Les horlogers ont-ils fumé la moquette ? (première partie)

Les 10 montres les plus invraisemblables, les plus inattendues ou les plus improbables de ce printemps 2008. Première tranche, par ordre alphabétique, en commençant une pièce absolument hors-concours.


HORS-CONCOURS
DeWitt WX-1

Top 10 Créations 2008_320756_1Top 10 Créations 2008_320756_2Top 10 Créations 2008_320756_3Top 10 Créations 2008_320756_4Top 10 Créations 2008_320756_5S'agit-il vraiment d'une « montre » ? Et plus précisément d'une « montre-bracelet » (à porter au poignet) ? Si oui, il faut l'accrocher au milieu de l'avant-bras tellement elle est longue. Si ce n'est pas le cas, de quoi s'agit-il ? Au bénéfice du doute et parce qu'elle est signée DeWitt, jeune manufacture des plus respectables, on va admettre qu'il s'agit d'une… pièce d'horlogerie. Mais quelle pièce ! Un double boîtier : le premier, à gauche, en pyramide tronquée, qui comporte une sorte de « tiroir » auquel est accolé le second boîtier, semi-circulaire. Le mouvement à rouages verticaux (parallèles) est logé dans le « tiroir », qui comporte deux « cheminées » débouchant sur le côté : l'une pour le tourbillon vertical, l'autre pour la couronne de remontage téléscopique. Avec ses alignements de boulons, ses superstructures non fonctionnelles, ses plaquages décoratifs et ses angles « industriels », disons que le syle général est plus proche de la Tour Eiffel ou du Nautilus de Jules Verne que de la tradition Poinçon de Genève. L'affichage de l'heure est bien entendu non conventionnel, avec des disques plutôt que des aiguilles, la couronne de droite servant uniquement à la mise à l'heure.
Le meilleur est tout de même le support quadripode qui permet de poser cet étrange artefact sur une table, non pas pour en faire une pendule de table (il aura fallu incliner le cadran pour le rendre lisible), mais pour en faire un témoin du temps qui passe, voire pour en faire admirer les volumes. En parlant de quadripode, toute ressemblance avec les quadripodes impériaux de Star Wars n'est sans doute pas fortuite : il est impossible que cette coïncidence ne soit pas un clin d'œil de l'équipe des designers à tous les nostalgiques des AT-AT (All Terrain Armored Transport, dans L'Empire contre-attaque, ci-dessus)). Puisqu'on vous dit que les montres contemporaines sont des jouets de garçons…

Mon avis personnel :
On ne laisse pas le volant d'une Lamborghini à un débutant qui vient de décrocher son permis. Et on ne traîne pas un premier communiant au Crazy Horse Saloon. On admettra donc qu'il faut une certaine culture horlogère pour apprécier – aimer ou détester – une pièce comme la WX-1. C'est de l'art conceptuel plutôt que de l'horlogerie traditionnelle. Ce n'est pas le Star Wars addict qui parle : moi, j'aime, même si je n'ai pas 1 % de la somme (confidentielle, mais compter 200 000 à 300 000 euros) à débourser pour emporter la « bête ».
Et c'est dommage, parce que je suis persuadé que c'est une future star de la collection horlogère. Le post-proto « pièce unique » de cette WX-1 s'était vendu 400 000 euros sur la foi d'une simple image de synthèse. Si cette « pièce unique » (on dirait qu'elle a fait des petits, puisque DeWitt annonce une série limitée d'une centaine d'exemplaires) revenait sur le marché, je suis persuadé qu'elle fera plus d'un million d'euros…
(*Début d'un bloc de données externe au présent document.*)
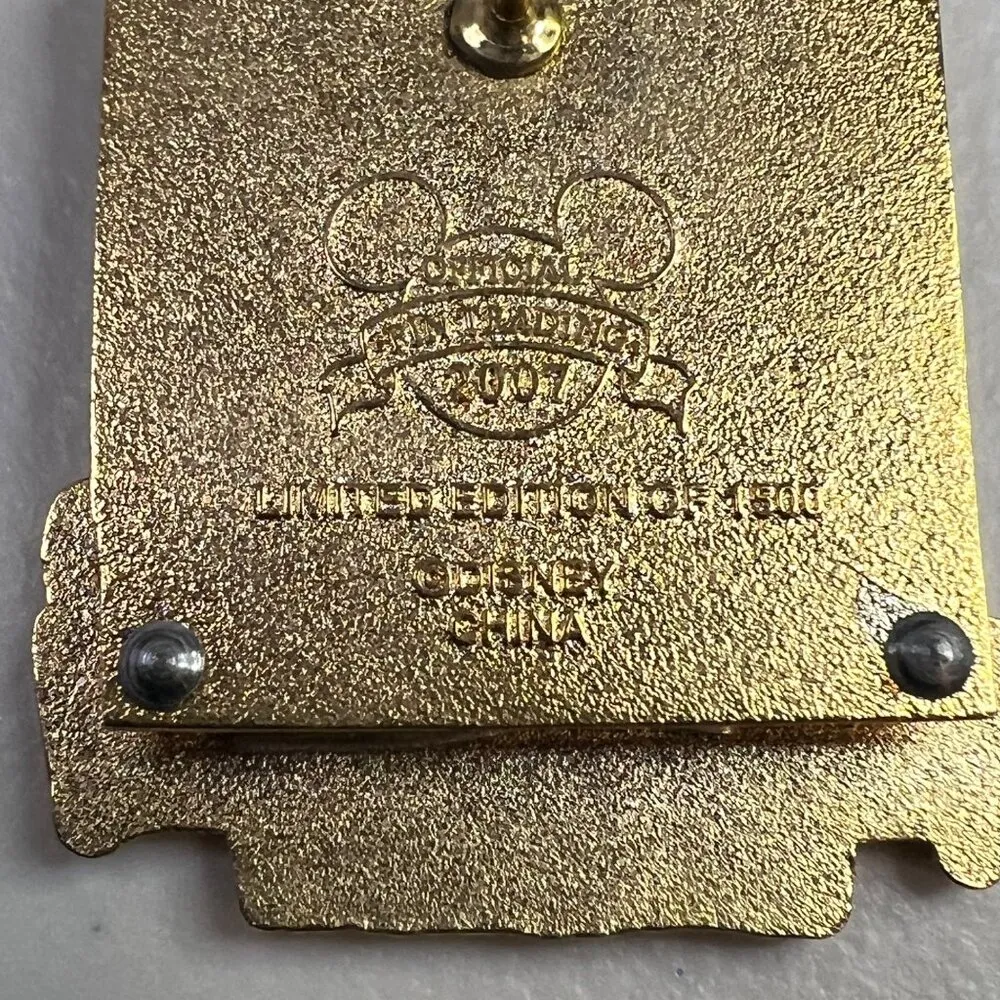 Disney Pin Pirates of the Caribbean At World's End Countdown 3 Elizabeth Swann - Image 4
AK Genève Warp HMS Automatic

Top 10 Créations 2008_320756_6Top 10 Créations 2008_320756_7Top 10 Créations 2008_320756_8En anglais, warp désigne quelque chose comme la distorsion temporelle, concept cher au cœur des amateurs de science-fiction, qui se retrouveront dans ce vaisseau intergalactique de poignet (livraison prévue en 2009). Pour les fans de Star Trek, ce serait plutôt le module qui commande la téléportation à bord de l'USS Enterprise.
C'est évidemment volumineux, mais étrangement portable puisque le boîtier est disposé sur la longueur du bras, et non dans la largeur du poignet. C'est évidemment très travaillé, avec des basculements imprévus du boîtier en fibre de carbone moulée, des volumes sculptés, des découpes « industrielles », du caoutchouc, des boulons usinés, des matériaux chics (or rose, titane) et des inserts high-tech : on admirera au passage la macro-couronne, mais aussi la forme fuselée, avec l'angle plongeant de la droite vers la gauche (ce qui permet à la chemise de mieux glisser sur la montre). A l'intérieur, un affichage des heures et des minutes par disques rotatifs, sous un jeu subtil de grilles.
Le mouvement est pour l'instant assez basique (base mécanique suisse vintage retravaillée), mais AK Genève (marque créée par un des ex-créateurs de Cvstos) met actuellement au point son propre mouvement, avec un concept d'intégration cylindrique qui fait s'empiler tous les rouages dans une espèce de « tube » qui distribue l'énergie et qui anime les affichages horaires. Tant ce mouvement que les lignes du boîtier ont fait l'objet d'études et de simulations numériques approfondies.

Mon avis personnel :
C'est évidemment fait pour être remarqué au poignet, et ça se fait remarquer : pour avoir porté le prototype pendant quelques jours, on peut dire que ça soulève à peu près autant de questions que si des Martiens débarquaient sur le guéridon du bistrot. On aimera ou on détestera, mais il est ensuite difficile de revenir aux montres basiques du XXe siècle, même celles qui ont résisté à toutes les modes. L'ensemble est plus séduisant que bien des montres « conceptuelles » présentées ce printemps, peut-être parce que le design de la Warp a intégré et digéré les principaux enseignements de la révolution horlogère. D'où son style « apaisé », dénué de toute agressivité, qui donne d'autant plus confiance que la conception globale de la montre s'appuie sur une technicité largement éprouvée en amont. Plusieurs détaillants internationaux spécialisés dans les marques de niche ont déjà passé commande, ce qui devrait donner à l'équipe d'AK Genève les moyens d'accélérer la mise sur le marché. Vivement demain !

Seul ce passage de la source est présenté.